** MATERIAL SHOWN **

Start of Block

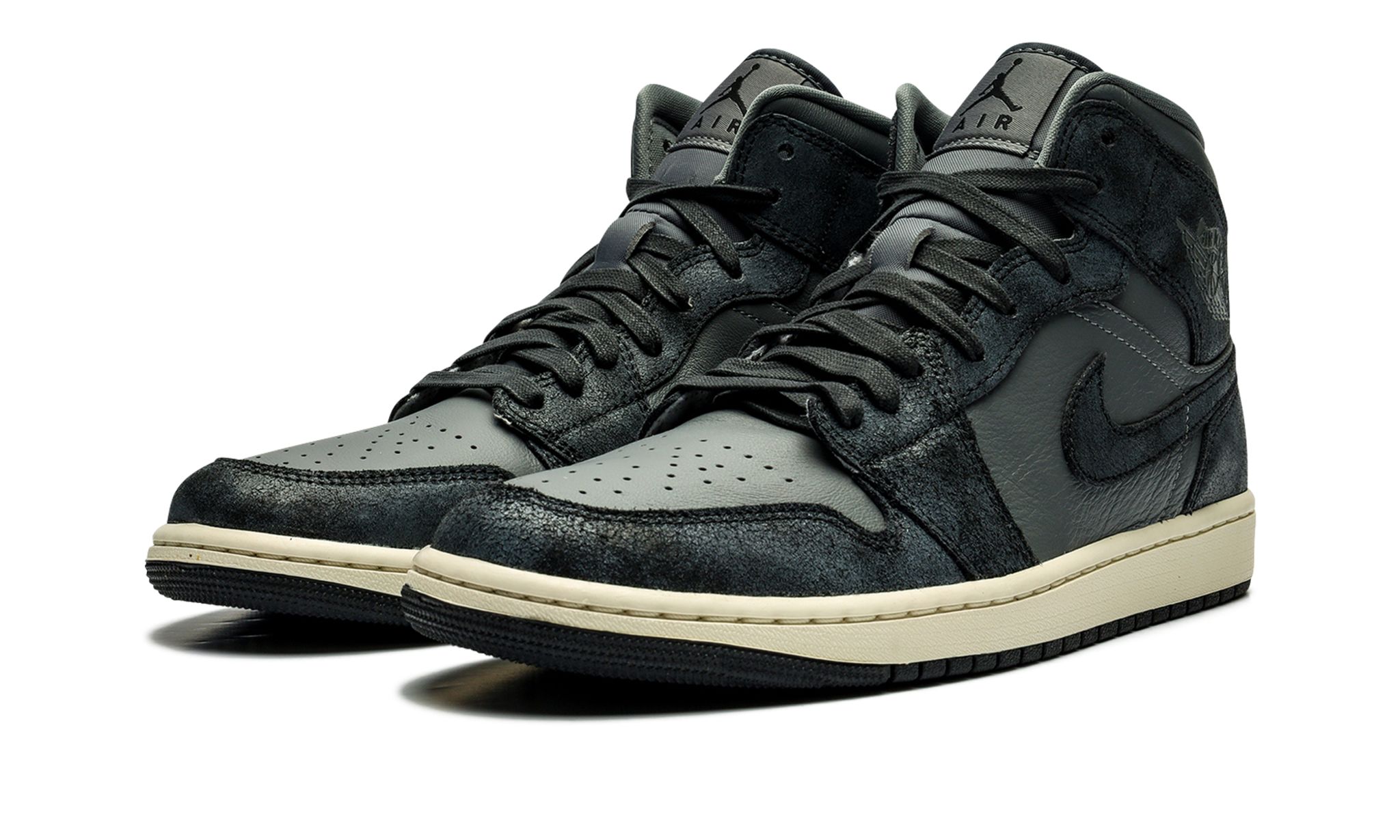 Wmns Air Jordan 1 Mid 'Distressed Smoke Grey'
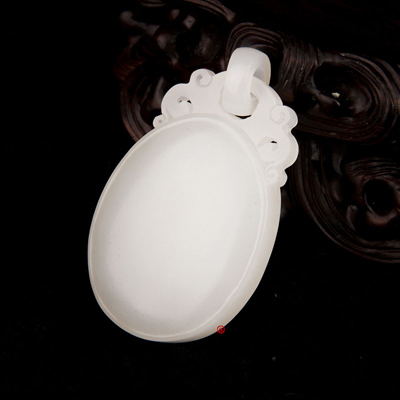 新疆和田玉羊脂白玉籽玉玉牌 平安牌 17克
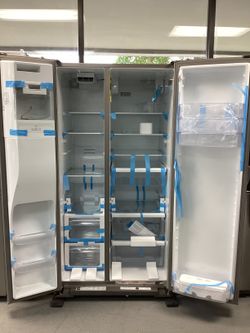 Whirlpool Side-by-Side Refrigerator in Stainless steel with FreshFlow™ Air Filter and In-Door-Ice® Storage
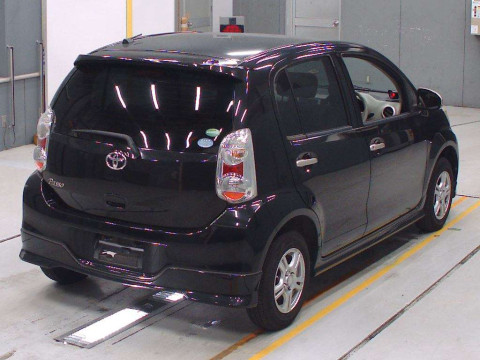 2012 Toyota Passo KGC30[1]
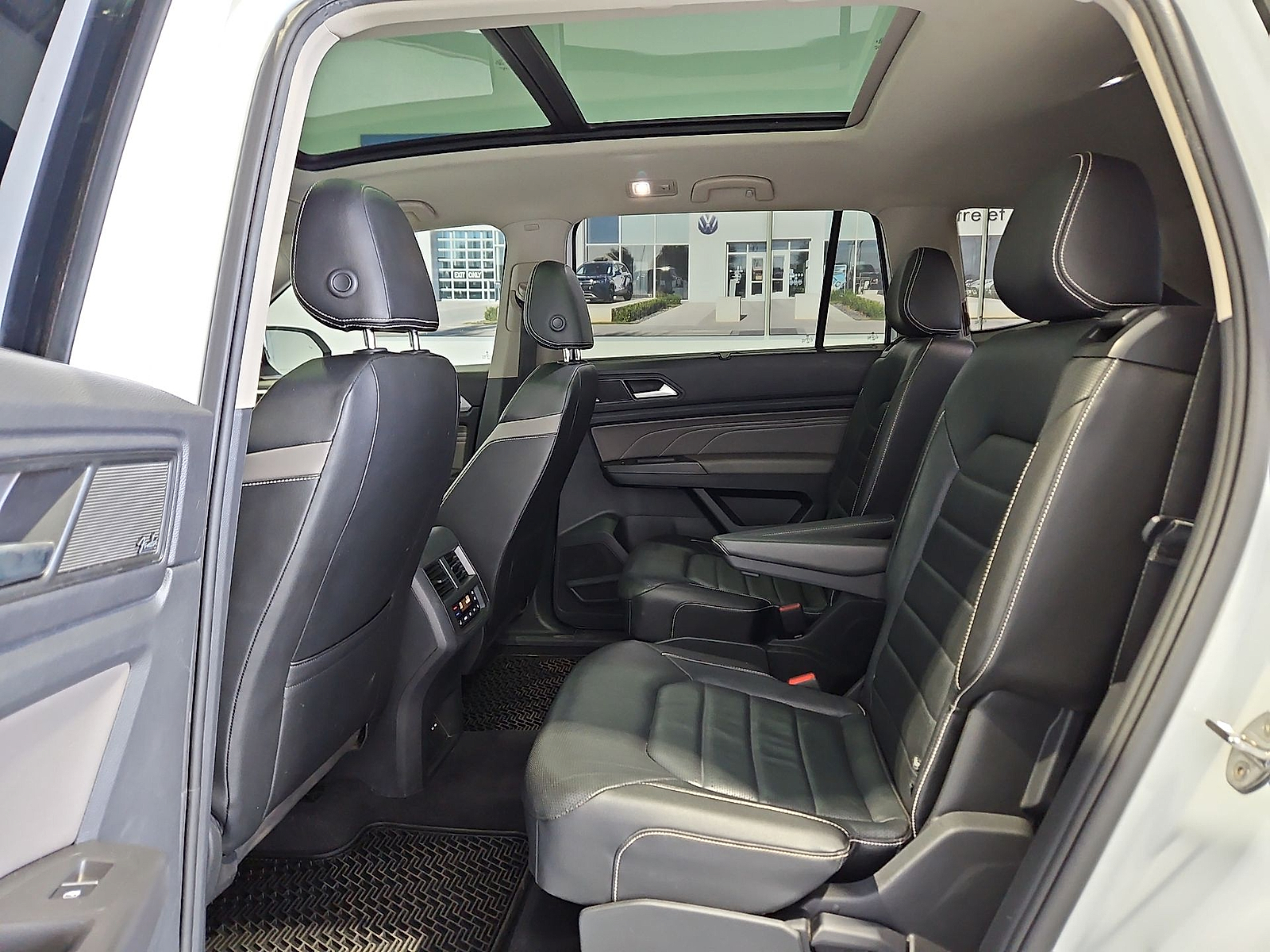 2023 Volkswagen Atlas photo 13 of 22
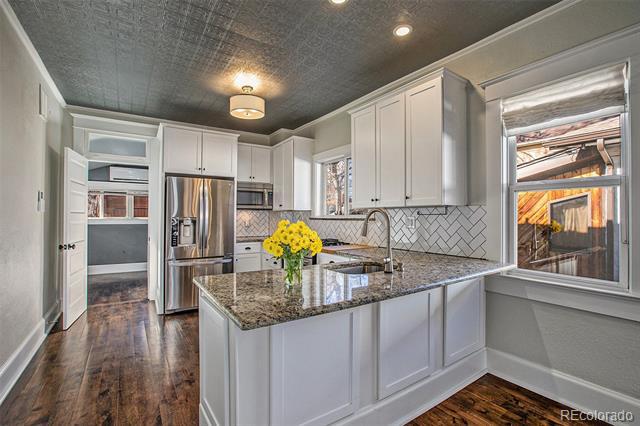 Building Photo - 933 S Clarkson St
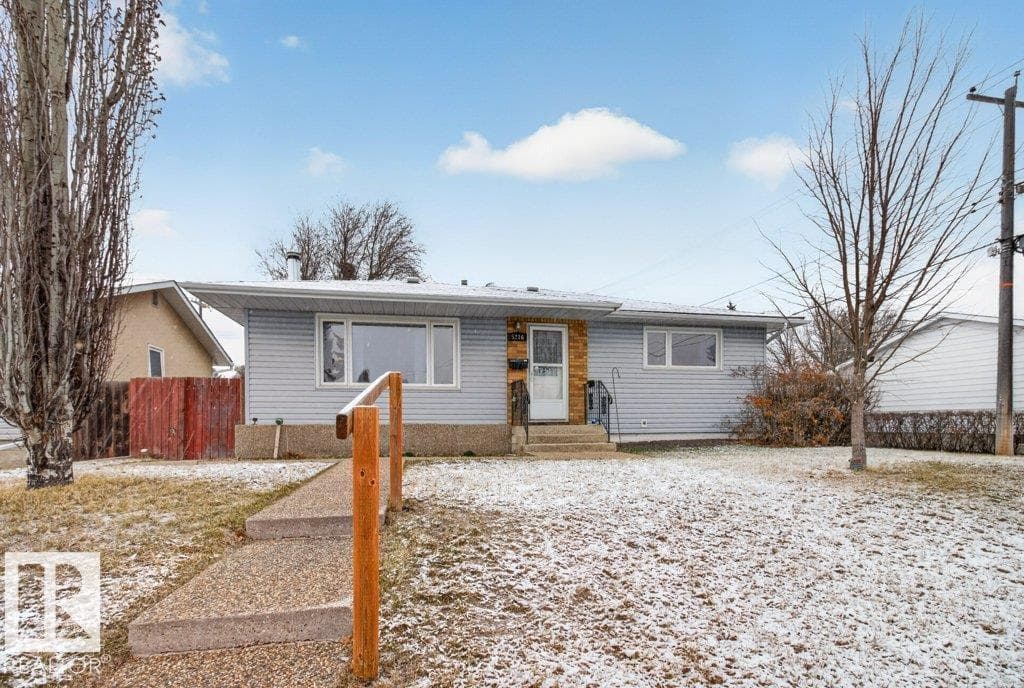 5216 89 AV NW photo 2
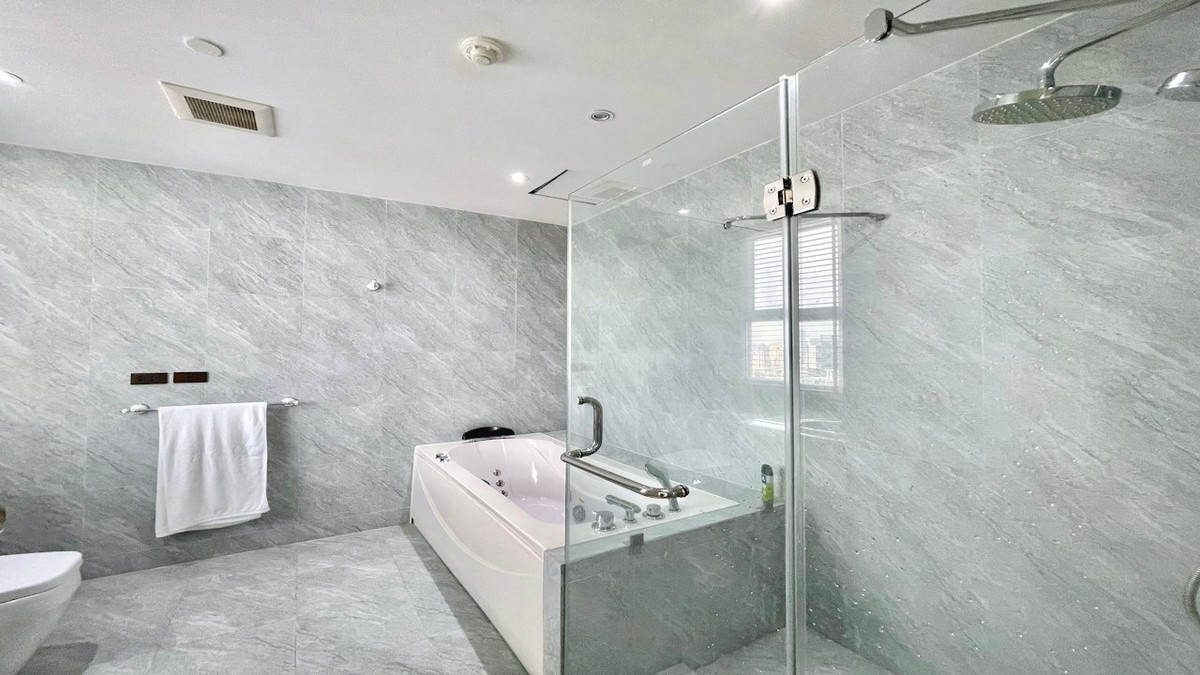 ขายคอนโดสุขุมวิท อโศก ทองหล่อ : Best Price 4BR Condo at Ideal 24 Sukhumvit 24 Near BTS Phrom Phong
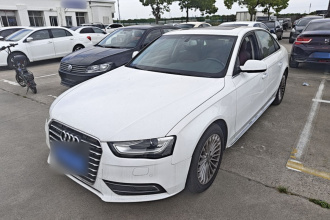 奥迪A4L 2016款 35 TFSI 典藏版 自动标准型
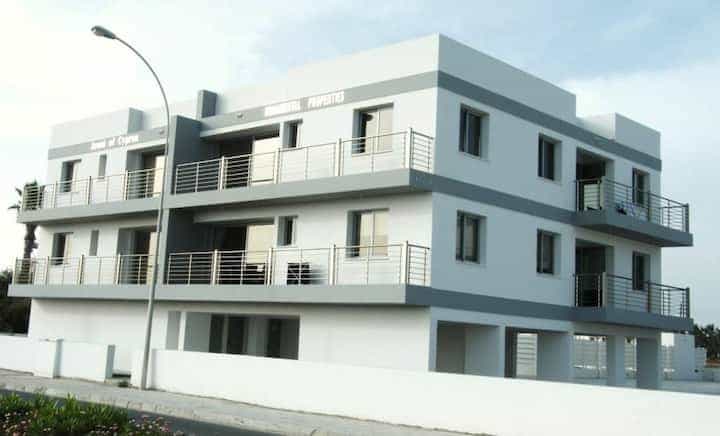 Condominium in Perivolia, Larnaka 10994822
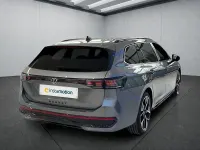 Gebraucht VW Passat 193 PS (141 kW) 2025 Grau Kombi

End of Block

** ABOUT THIS EXERCISE **
Every line from the start of the material through the line holding "2023 Volkswagen Atlas photo 13 of 22" must be returned exactly, and the pictures must not.

** FINISHED TASK **
 Wmns Air Jordan 1 Mid 'Distressed Smoke Grey'
 新疆和田玉羊脂白玉籽玉玉牌 平安牌 17克
 Whirlpool Side-by-Side Refrigerator in Stainless steel with FreshFlow™ Air Filter and In-Door-Ice® Storage
 2012 Toyota Passo KGC30[1]
 2023 Volkswagen Atlas photo 13 of 22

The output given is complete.